What we might refer to as “Classic Who” began in 1963 and evolved, over years and several Doctors, to become a patchwork mythology of monsters, time travel and companions. Classic Who ended in 1989 after what is, by anyone’s estimation, a pretty good run. Aside from a 1996 TV special designed to appeal to the US market and starring Paul McGann, Doctor Who was dead until the bold Davies regeneration in 2005.
New Who has now run for 21 years, not much short of the original, which might now seem like a natural resting point. Indeed, recent audience numbers have shown a clear decline in the show’s popularity; more recent series have garnered only about half the number of people watching at the revival’s peak in the mid-2010s.

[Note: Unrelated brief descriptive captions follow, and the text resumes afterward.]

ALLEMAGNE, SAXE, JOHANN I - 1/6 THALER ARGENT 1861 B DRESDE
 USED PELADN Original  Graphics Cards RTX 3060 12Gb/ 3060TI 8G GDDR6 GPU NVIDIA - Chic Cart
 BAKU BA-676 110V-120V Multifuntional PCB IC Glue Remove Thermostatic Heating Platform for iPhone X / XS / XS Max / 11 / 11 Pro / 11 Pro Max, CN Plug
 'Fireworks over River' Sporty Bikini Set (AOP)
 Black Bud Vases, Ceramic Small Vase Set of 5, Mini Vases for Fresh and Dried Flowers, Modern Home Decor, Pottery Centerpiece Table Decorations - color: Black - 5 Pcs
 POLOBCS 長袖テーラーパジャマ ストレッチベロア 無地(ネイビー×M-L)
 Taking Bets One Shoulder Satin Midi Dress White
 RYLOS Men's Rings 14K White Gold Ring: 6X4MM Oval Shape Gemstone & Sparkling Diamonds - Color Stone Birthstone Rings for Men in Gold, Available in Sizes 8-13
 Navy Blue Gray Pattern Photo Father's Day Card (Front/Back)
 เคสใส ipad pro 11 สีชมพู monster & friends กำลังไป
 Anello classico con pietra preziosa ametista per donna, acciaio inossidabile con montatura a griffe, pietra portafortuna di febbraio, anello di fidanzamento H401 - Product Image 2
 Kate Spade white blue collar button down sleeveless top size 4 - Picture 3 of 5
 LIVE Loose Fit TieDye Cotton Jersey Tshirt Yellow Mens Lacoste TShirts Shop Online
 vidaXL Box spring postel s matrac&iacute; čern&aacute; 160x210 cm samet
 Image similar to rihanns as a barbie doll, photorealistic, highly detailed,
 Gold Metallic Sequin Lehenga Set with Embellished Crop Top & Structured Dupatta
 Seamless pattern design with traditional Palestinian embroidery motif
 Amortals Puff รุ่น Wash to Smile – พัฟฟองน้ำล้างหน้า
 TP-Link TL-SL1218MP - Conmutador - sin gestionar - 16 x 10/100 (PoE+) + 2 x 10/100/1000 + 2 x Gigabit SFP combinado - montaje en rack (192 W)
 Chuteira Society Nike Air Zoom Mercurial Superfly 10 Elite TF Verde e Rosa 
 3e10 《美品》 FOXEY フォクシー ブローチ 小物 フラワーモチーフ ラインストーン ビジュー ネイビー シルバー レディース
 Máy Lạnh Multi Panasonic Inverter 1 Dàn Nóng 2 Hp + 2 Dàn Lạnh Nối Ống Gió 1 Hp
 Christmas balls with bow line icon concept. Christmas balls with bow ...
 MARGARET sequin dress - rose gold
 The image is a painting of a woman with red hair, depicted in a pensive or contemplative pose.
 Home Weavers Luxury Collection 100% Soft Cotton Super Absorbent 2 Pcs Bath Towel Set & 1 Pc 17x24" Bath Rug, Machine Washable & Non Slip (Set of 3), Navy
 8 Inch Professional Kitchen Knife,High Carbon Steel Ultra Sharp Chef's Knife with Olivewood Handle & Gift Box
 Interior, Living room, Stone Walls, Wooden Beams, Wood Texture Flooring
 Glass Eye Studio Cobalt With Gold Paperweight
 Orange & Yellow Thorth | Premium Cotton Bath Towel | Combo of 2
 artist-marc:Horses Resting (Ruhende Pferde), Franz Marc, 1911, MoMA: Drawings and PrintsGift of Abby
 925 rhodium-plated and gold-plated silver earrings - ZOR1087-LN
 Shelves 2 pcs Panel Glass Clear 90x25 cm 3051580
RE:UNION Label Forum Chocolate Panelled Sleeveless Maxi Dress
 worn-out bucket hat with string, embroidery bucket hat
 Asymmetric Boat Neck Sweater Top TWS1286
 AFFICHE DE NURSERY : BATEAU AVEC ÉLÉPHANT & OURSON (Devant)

It feels as though the big legacy franchises in general aren’t getting as much traction on TV and cinema as they once were. Paramount has cancelled Star Trek: Starfleet Academy, meaning there is no Star Trek universe TV show in the pipeline for the first time in years. A planned TV reboot of Stargate, which began with a movie in 1994 and has spawned several series since, was cancelled by Amazon before it got off the starting blocks. The latest Star Wars outing, The Mandalorian and Grogu, received mixed reviews and had the lowest opening weekend box office for a movie from the franchise.
Perhaps what people are wanting is more original stuff. The big cinema and streaming hitters are new movies from younger directors, such as Backrooms and Obsession, and series such as Widow’s Bay and The Burroughs. Another thing those productions all have in common is that they’re scary. This is something Doctor Who used to be in the classic era, but in more recent years has dropped in favour of an appeal to the “family audience”—something as mythical in the 2020s as many of the monsters in the show. Families just don’t sit down together to watch water cooler TV anymore.
As a first priority, whoever takes on Doctor Who would be well advised to think deeply about exactly who the show is for. The short, pat answer is: “Everyone.” If someone can pull that off, then I take off my fedora to them. For my money, I’d like to see something scary and less drenched in lore and backstory, while at the same time honouring the past as they move it forward into something brand new and startling.
Not a lot to ask, is it? It might take us many, many years to get there… but wouldn’t a fallow period do the show some good? Wouldn’t that allow another, genuinely new, generation to come in and completely rewrite the rulebook in the same way Davies once did? Good things always take time—and the third era of Doctor Who, whenever it arrives, should be worth the wait.